> [How to complete this task] Looking at each line of the data below, tally those that contain the word "from" and give only the total.

> [Information given]

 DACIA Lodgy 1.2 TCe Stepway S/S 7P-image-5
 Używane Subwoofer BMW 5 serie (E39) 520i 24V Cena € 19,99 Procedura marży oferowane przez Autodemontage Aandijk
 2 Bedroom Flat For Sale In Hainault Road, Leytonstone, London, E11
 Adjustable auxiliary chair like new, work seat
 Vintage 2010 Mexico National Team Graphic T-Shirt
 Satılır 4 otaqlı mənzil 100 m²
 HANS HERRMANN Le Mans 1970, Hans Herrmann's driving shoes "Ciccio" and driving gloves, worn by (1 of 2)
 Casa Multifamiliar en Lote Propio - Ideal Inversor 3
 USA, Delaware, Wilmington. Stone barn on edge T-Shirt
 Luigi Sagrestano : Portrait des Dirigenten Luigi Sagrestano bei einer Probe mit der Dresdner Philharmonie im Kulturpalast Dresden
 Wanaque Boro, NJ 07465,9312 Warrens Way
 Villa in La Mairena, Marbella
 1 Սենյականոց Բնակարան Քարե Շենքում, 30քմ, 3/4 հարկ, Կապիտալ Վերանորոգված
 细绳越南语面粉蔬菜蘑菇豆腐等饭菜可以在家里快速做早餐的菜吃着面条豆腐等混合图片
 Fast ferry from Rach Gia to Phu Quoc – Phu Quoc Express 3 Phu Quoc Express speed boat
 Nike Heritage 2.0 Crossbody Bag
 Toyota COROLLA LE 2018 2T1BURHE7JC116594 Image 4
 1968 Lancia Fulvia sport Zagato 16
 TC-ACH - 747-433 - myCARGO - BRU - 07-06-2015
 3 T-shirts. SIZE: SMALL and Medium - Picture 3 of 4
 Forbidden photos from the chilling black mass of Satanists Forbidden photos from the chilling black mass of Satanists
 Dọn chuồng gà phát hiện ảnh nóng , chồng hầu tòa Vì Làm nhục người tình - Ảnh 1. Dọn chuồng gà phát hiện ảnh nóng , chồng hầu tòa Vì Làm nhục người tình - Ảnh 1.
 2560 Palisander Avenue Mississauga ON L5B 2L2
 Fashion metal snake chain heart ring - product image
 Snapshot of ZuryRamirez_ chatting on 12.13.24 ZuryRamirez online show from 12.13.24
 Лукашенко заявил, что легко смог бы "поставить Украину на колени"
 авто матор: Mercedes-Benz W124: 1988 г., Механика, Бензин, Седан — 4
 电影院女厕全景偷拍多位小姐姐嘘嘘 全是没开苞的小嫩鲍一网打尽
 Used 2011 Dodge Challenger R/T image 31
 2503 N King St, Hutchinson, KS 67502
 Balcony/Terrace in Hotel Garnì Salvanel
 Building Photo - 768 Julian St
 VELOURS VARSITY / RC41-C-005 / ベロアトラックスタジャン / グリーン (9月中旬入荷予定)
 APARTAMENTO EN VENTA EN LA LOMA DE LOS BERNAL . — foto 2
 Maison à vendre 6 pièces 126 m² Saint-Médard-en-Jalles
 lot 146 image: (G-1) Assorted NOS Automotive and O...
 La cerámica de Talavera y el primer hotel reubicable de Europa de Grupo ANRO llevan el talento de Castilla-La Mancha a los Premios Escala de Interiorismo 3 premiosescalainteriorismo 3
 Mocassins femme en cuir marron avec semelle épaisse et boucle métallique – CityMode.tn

> [Output of the exercise] 3